Jakarta -
China mencabut larangan bagi para maskapai penerbangannya untuk penerimaan pesawat asal produsen Amerika Serikat (AS), Boeing. Hak ini menyusul aksi gencatan senjata perang dagang antara Negara Tirai Bambu itu dengan AS.
AS dan China pada Senin kemarin telah sepakat untuk memangkas tarif resiprokal setidaknya selama 90 hari. Hal ini sebagai sinyal penghentian sementara dari perang dagang antara dua ekonomi terbesar di dunia tersebut.
Sebagaimana dikutip dari Reuters, Selasa (13/5/2025), pejabat di Beijing telah mulai memberi tahu maskapai domestik dan lembaga pemerintah pada pekan ini bahwa pengiriman pesawat yang dibuat di AS dapat dilanjutkan. Informasi ini berdasarkan sumber dari Bloomberg.
SCROLL TO CONTINUE WITH CONTENT
Namun demikian, Boeing menolak mengomentari laporan tersebut. Administrasi Penerbangan Sipil China juga tidak dapat segera dihubungi untuk dimintai komentar.
Pada bulan April lalu, Boeing mengatakan sejumlah pelanggannya di China telah mengindikasikan tidak akan menerima pengiriman pesawat baru karena perang tarif. Perusahaan juga berencana untuk menjual kembali puluhan pesawat.
Informasi ini juga telah dikonfirmasi langsung oleh CEO Boeing Kelly Ortberg. Pada kala itu, sejumlah pesawat 737 Max di pusat penyelesaian Boeing, Zhoushan, China, akhirnya dikembalikan ke AS.
"Mereka sebenarnya telah berhenti menerima pengiriman pesawat karena tarif," kata Ortberg, dikutip dari CNBC, Kamis (24/4/2025).
Boeing meyakini masih banyak maskapai dari negara lain yang akan menerima pesawatnya. Ortberg pun memastikan, tindakan China tidak akan mempengaruhi kondisi perusahaan.

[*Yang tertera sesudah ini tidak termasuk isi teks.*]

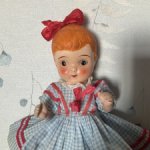 Девочка с бантиком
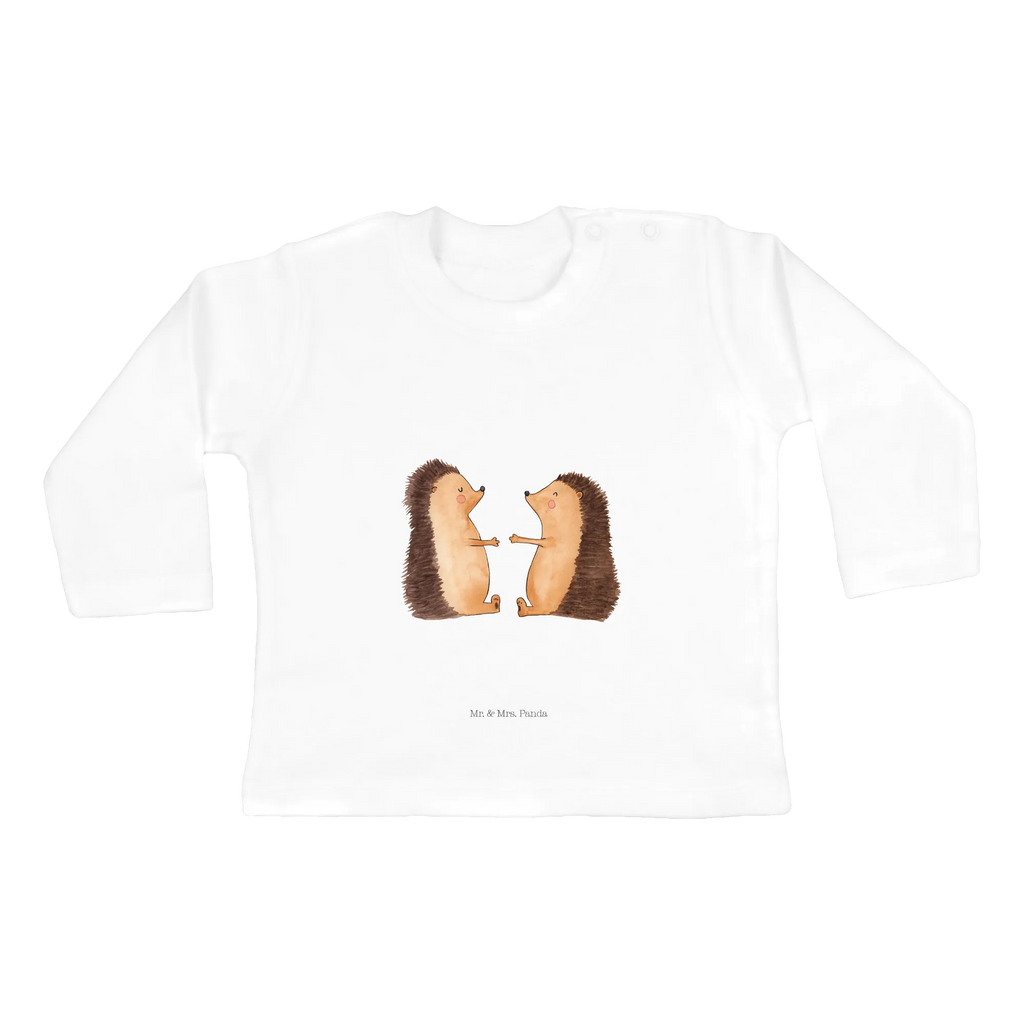 Baby Longsleeve Igel Liebe Baby Shower, Langarm, Bio, Kleidung, Partner, Liebe, Verlobung, Ehemann, Ehefrau, Freundin, Jahrestag, Heiraten, Heiratsantrag, Freund, Hocheitstag, Liebesgeschenk, Hochzeitstag, Verlobt, Igel, Verliebt, Liebesbeweis, Geschenk, Hochzeit, Verheiratet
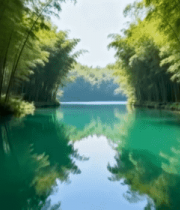 枝头成熟荔枝特写3413#横屏 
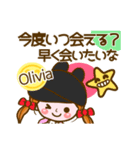 【Olivia専用❤基本】コメント付きだよ❤40個（個別スタンプ：37）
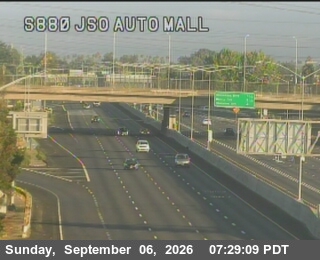 I-880 : at JSO Automall live camera view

"Ada banyak pelanggan di luar sana yang mencari pesawat Max. Kami tidak akan menunggu terlalu lama. Saya tidak akan membiarkan ini menggagalkan pemulihan perusahaan kami," terang dia.
Kini, kedua pihak telah sepakat untuk menghentikan sementara penerapan tarif impor selama 90 hari dan bilang bahwa tarif akan turun lebih dari 100 poin persentase menjadi 10%. Kedua negara berusaha untuk mengakhiri perang dagang yang telah mengganggu prospek global dan membuat pasar keuangan mengalami gonjang-ganjing.
Sejak menjabat per Januari, Trump telah menaikkan tarif yang dibayarkan oleh importir AS untuk barang-barang dari China menjadi 145%. Tarif ini dinilai sebagai tambahan dari tarif yang dikenakannya pada banyak barang China, selama masa jabatan pertamanya dan bea yang dikenakan pada saat pemerintahan Biden.
China membalas dengan memberlakukan pembatasan ekspor pada beberapa komoditas yang memiliki peran penting bagi produsen senjata dan barang-barang elektronik konsumen AS, dan menaikkan tarif pada barang-barang AS menjadi 125%.
Sengketa tarif menyebabkan perdagangan dua negara ini senilai hampir US$ 600 miliar terpaksa berhenti, mengganggu rantai pasokan, memicu kekhawatiran akan stagnasi ekonomi, dan memicu sejumlah PHK.